• INFORMATION SHOWN
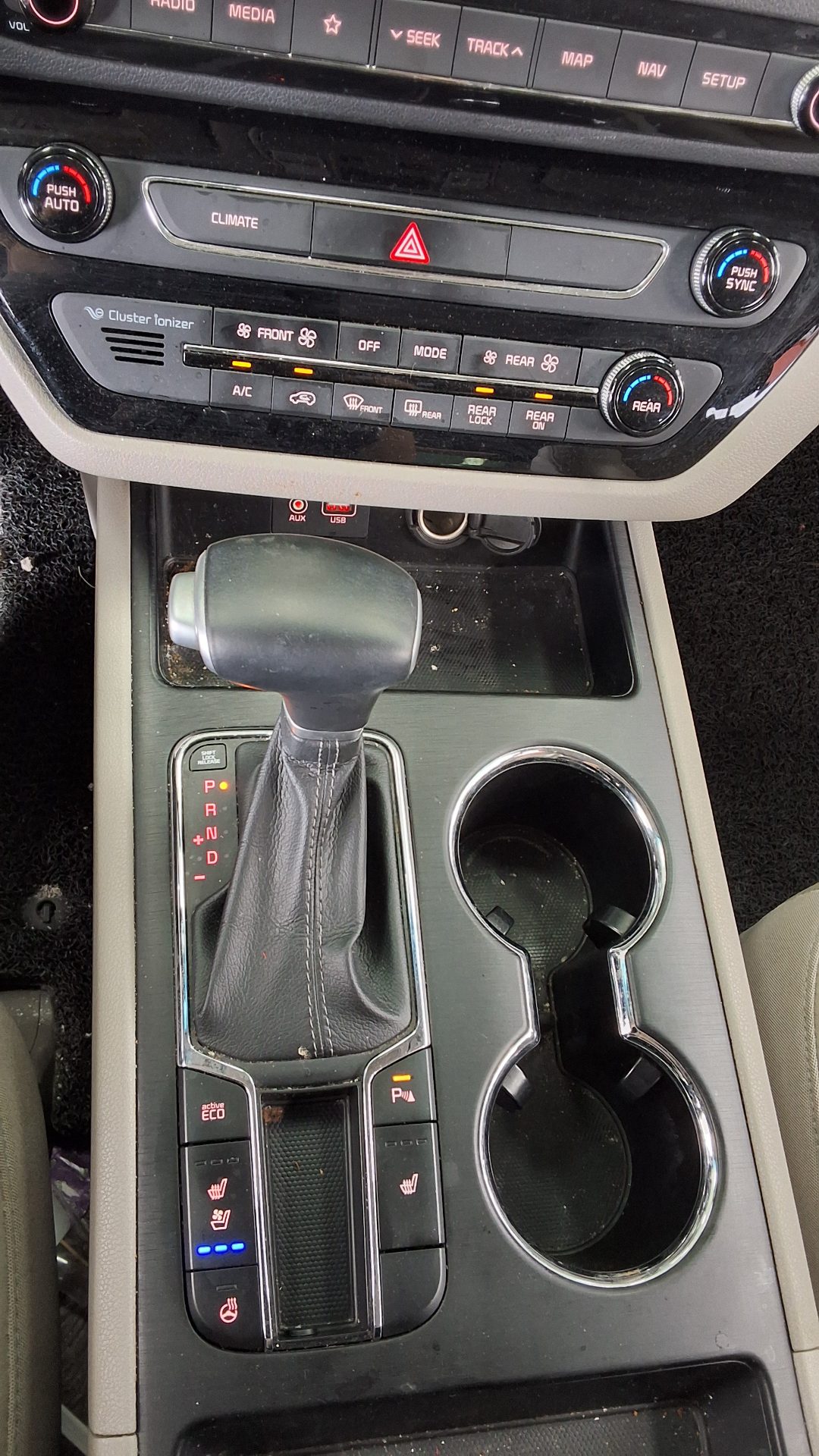 2020 - kia carnival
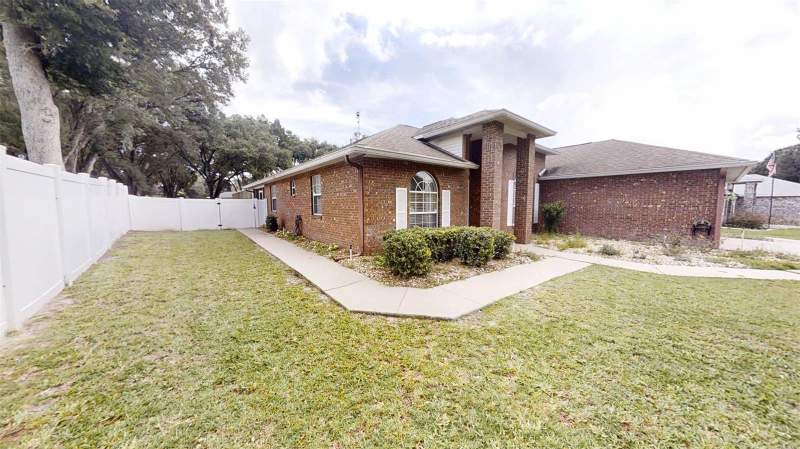 3 bedroom Single Family Residence at 10625 SW 73rd Avenue, Kings Court, Ocala — photo 5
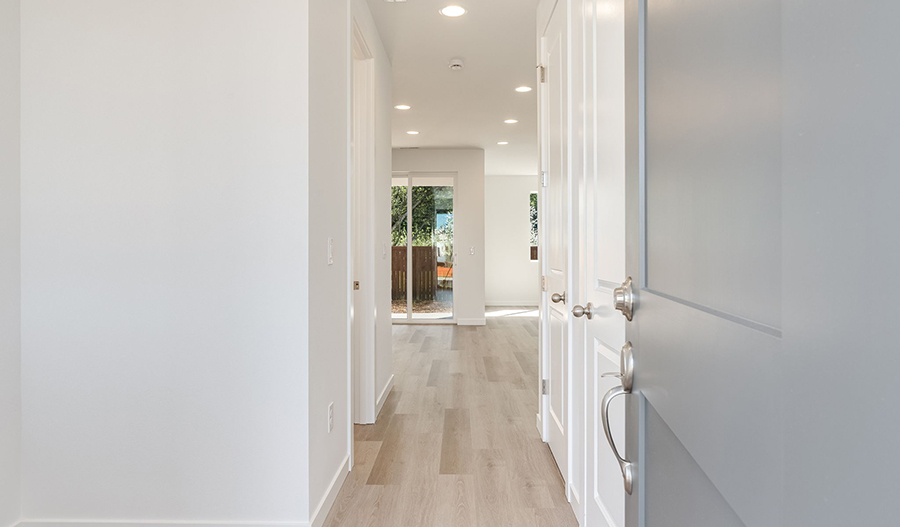 Entry of the Valerie floor plan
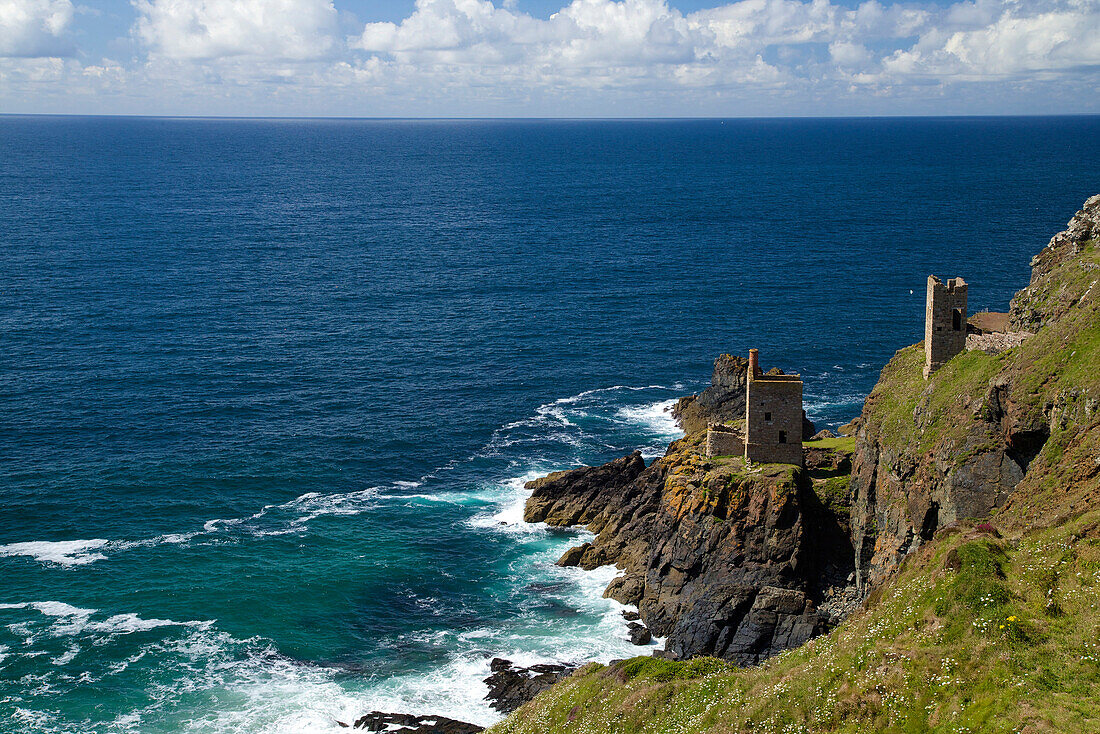 Crowns Mine, Botallack, UNESCO World Heritage Site, West Penwith, Cornwall, West Country, England, United Kingdom, Europe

• REQUIRED ACTION
Only the lines from the line with "3 bedroom Single" through the final line of the material belong in the answer, copied exactly and without pictures.

• SOLUTION FOR THIS TASK
 3 bedroom Single Family Residence at 10625 SW 73rd Avenue, Kings Court, Ocala — photo 5
 Entry of the Valerie floor plan
 Crowns Mine, Botallack, UNESCO World Heritage Site, West Penwith, Cornwall, West Country, England, United Kingdom, Europe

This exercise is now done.